Diazotroph biofertilizers used today include Rhizobium, Azotobacter, Azospirilium and Blue green algae (a genus of cyanobacteria). These fertilizer are widely used and commenced into industrial production. So far in the market, nitrogen fixation biofertilizer can be divided into liquid fertilizer and solid fertilizer. Most of the fertilizers are fermented in the way of liquid fermentation. After fermentation, the liquid bacteria can be packaged, which is the liquid fertilizer, and the fermented liquid can also be adsorbed with sterilized peat and other carrier adsorbents to form a solid microbial fertilizer. These nitrogen-fixation fertilizer has a certain effect on increasing the production of cotton, rice, wheat, peanuts, rape, corn, sorghum, potatoes, tobacco, sugarcane and various vegetables.

==Importance==
In organisms the symbiotic associations greatly exceed the free-living species, with the exception of cyanobacteria.

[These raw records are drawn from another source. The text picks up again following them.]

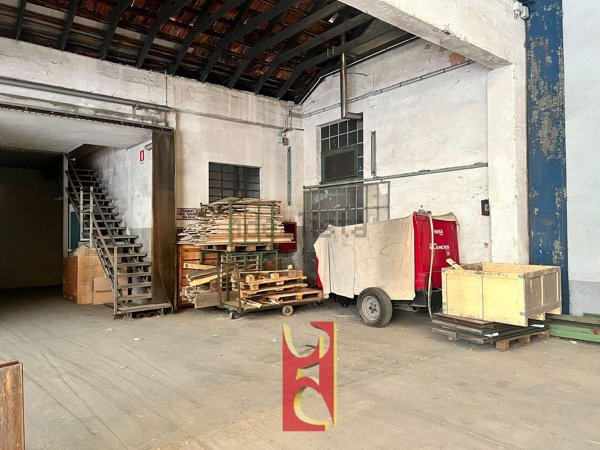 locale di sgombero in affitto a Gallarate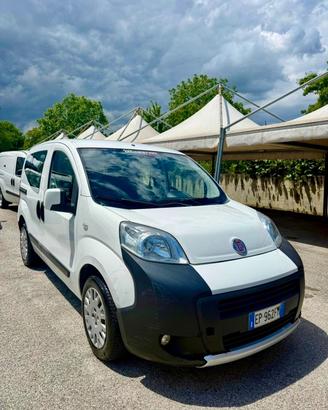 Fiat Qubo cambio Automatico 1.3 Multijet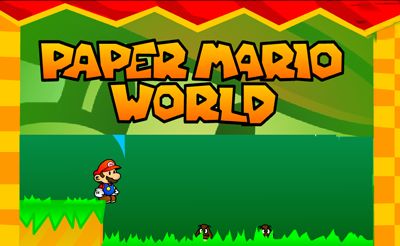 Paper Mario World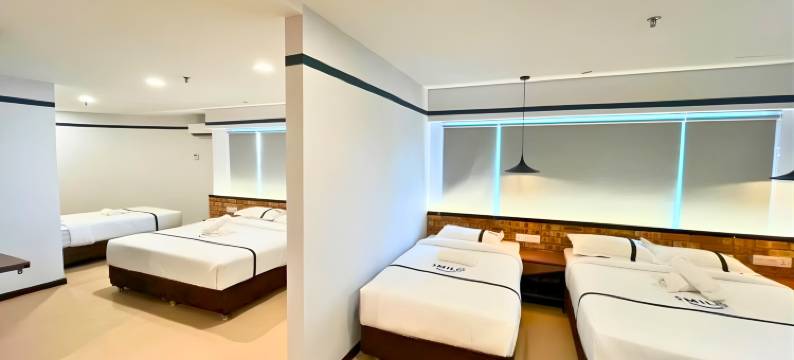 吉隆坡富都希茨优选酒店(Seeds Hotel Premier Pudu Kuala Lumpur Previously Hotel Pudu Plaza KL)图片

Biologically available nitrogen such as ammonia is the primary limiting factor for life on earth. Diazotroph plays an important roles in nitrogen cycle of the earth. In the terrestrial ecosystem, the diazotroph fix the (N_{2}) from the atmosphere and provide the available nitrogen for the primary producer. Then the nitrogen is transferred to higher trophical levels and human beings. The formation and storage of nitrogen will all influenced by the transformation process. Also the available nitrogen fixed by the diazotroph is environmentally sustainable, which can reduce the use of fertilizer, which can be an important topic in agricultural research.

In marine ecosystem, prokaryotic phytoplankton (such as cyanobacteria) is the main nitrogen fixer, then the nitrogen consumed by higher trophical levels. The fixed N released from these organisms is a component of ecosystem N inputs. And also the fixed N is important for the coupled C cycle. A greater oceanic inventory of fixed N may increase the primary production and export of organic C to the deep ocean.